我说你心态可真好,在找不着,我看咱就要往东边找了。骑到文景一路,无意间看到西边有个进深,进出车辆来往自如,我捏了下闸,于梓晴说怎么了?我指了指西边,“去那看看,好像是吃饭的地方。”
骑到马路对面,往里有个30来米,看到一栋饭店,我把电瓶车停在一边,与于梓晴一并进去。
抱着试一试的态度,我们进门到前台问道:“请问12月18日,办婚礼有位置吗?”
前台在电脑上查了一下,说有的。我有些发愣,这几日一直听到的答复,都是已订满无场地,前台这般一说,弄得我倒是有些不会了。
于梓晴头脑清晰,说你们经理在吗,我们找她咨询一下。前台礼貌的说稍等下,拿起座机拨电话,于梓晴用胳膊肘碰我一下,“想什么呢,晓宸。”
我摸了摸鼻子说没什么,没多久一个穿制服的小伙走来,说有什么事吗?于梓晴问下月18号想在这办婚礼,请问每桌怎么收费?餐厅经理把我们带到洽谈室,说准备摆多少桌,我把那次跟老妈他们商议的桌数说出,他点点头,30桌内饭店能承宴,要是再多,我们还坐不下。
跟他深入聊了几句,我把名片收好,说明天我家人过来跟你们谈,餐厅经理礼貌的笑了笑,说随时恭候。
骑上电瓶车,我开心的说:“梓晴,踏破铁鞋无觅处,得来全不费工夫,这地方离咱家那么近,咱们竟然没有发现。”
于梓晴回应道:“是呀,谁会知道在这还有一家饭店呢。”
回到家跟老妈他们说起,我把名片拿出来,说明天我上班你们去看一下,要是可以,咱就在那办,我觉得环境还不错,一楼大厅能摆30桌,最前方还有个站台,承办婚礼没问题。
老妈问包间也在一楼吗?我说不是,二楼才是包间,一楼是大通透吃饭的地方。继父说行,明天你正常上班,我跟你妈去看一下。

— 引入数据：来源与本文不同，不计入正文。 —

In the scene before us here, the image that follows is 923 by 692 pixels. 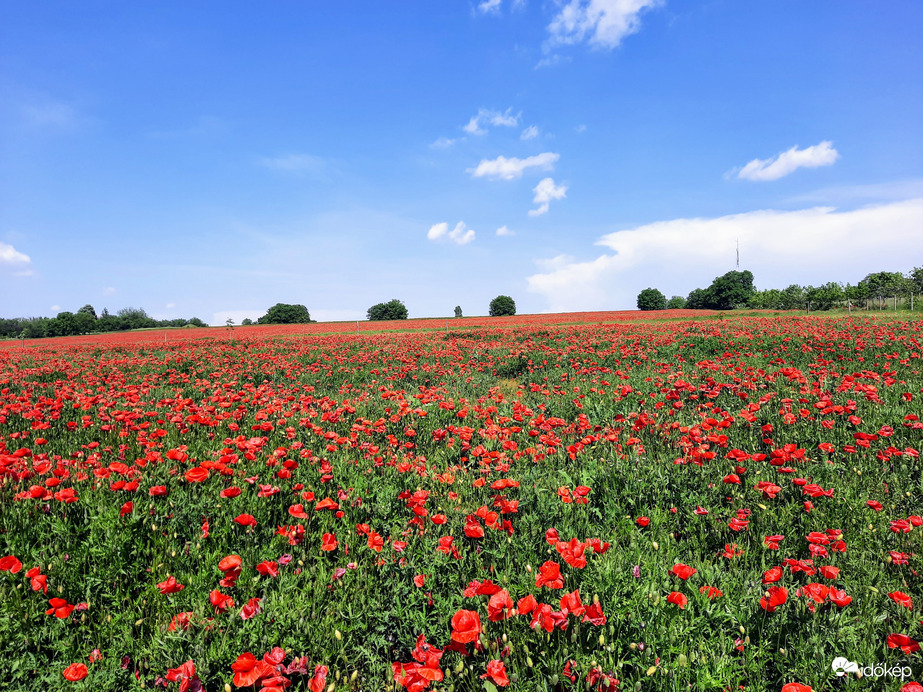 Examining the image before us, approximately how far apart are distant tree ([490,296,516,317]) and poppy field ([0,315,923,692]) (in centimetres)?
8966

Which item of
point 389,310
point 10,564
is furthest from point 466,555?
point 389,310

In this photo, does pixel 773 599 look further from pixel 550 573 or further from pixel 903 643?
pixel 550 573

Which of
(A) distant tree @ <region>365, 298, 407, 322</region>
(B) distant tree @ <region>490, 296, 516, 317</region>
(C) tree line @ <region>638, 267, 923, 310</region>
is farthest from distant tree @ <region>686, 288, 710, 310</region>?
(A) distant tree @ <region>365, 298, 407, 322</region>

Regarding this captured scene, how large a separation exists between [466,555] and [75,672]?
6.77 feet

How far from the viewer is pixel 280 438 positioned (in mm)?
5082

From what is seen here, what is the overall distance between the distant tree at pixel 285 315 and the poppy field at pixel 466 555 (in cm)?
8753

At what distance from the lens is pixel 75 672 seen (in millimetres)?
1954

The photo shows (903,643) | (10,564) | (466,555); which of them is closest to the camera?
(903,643)

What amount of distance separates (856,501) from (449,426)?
392 centimetres

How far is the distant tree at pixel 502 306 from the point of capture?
9500cm

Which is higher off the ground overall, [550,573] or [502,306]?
[502,306]

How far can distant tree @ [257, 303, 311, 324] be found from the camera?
289 ft

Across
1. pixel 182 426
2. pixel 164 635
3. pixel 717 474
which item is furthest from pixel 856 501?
pixel 182 426

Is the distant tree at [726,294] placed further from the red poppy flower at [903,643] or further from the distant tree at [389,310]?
the red poppy flower at [903,643] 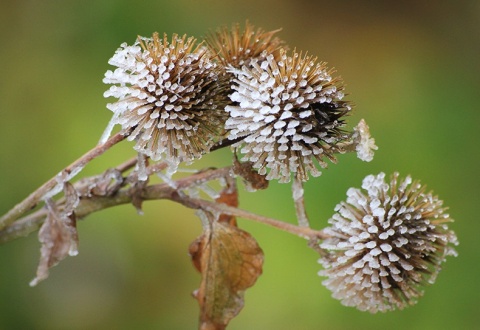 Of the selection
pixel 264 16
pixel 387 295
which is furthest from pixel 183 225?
pixel 387 295

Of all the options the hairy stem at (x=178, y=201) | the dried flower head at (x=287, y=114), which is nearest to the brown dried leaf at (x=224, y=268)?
the hairy stem at (x=178, y=201)

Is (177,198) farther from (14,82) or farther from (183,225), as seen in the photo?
(14,82)

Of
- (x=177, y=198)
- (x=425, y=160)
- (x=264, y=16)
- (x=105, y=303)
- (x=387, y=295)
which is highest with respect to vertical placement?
(x=264, y=16)

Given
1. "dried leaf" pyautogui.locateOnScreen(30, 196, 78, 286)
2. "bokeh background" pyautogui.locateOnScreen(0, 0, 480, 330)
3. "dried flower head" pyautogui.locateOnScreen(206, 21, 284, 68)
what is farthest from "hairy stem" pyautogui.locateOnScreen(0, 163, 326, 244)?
"bokeh background" pyautogui.locateOnScreen(0, 0, 480, 330)

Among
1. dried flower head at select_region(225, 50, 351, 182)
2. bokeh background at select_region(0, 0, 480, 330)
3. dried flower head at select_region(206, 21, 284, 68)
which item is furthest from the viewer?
bokeh background at select_region(0, 0, 480, 330)

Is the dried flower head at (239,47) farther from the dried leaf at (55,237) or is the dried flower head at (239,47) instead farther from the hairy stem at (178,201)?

第二天出差在武功县,下午从店里出来正往汽车站走,兜里电话铃响,我见是于梓晴打来,接起喂了一声。电话那头说老公,爸妈去那看了一下,回来说觉得还不错,让咱晚上一起去试菜,你几点能回来?
18点多回到家,我放下双肩包手都没洗,说走吧。老妈换上衣服到楼上叫姥姥,我们五人走到郭家村坐公交,三站路的距离,大家一起往饭店走去。
再见餐厅经理,他依然礼貌的露出微笑,对我点点头,看着老妈说阿姨你们来了,先休息一下还是直接上菜?我们坐到餐椅上,老妈说上菜吧。
十凉十热,饭店按照搭配好的酒席依次上桌,继父说:“有几个菜改了一下,这是准备在结婚当天上的菜,还会有一窝米饭和果盘,咱们吃吃看。”
一直吃到实在吃不下,我最后放下筷子,餐厅经理走来问味道如何?姥姥说可以,这像吃席的味道,大家哈哈一笑,一致表示可以,老妈说:“把没吃的打包,老四,你去跟人家小邓交钱。”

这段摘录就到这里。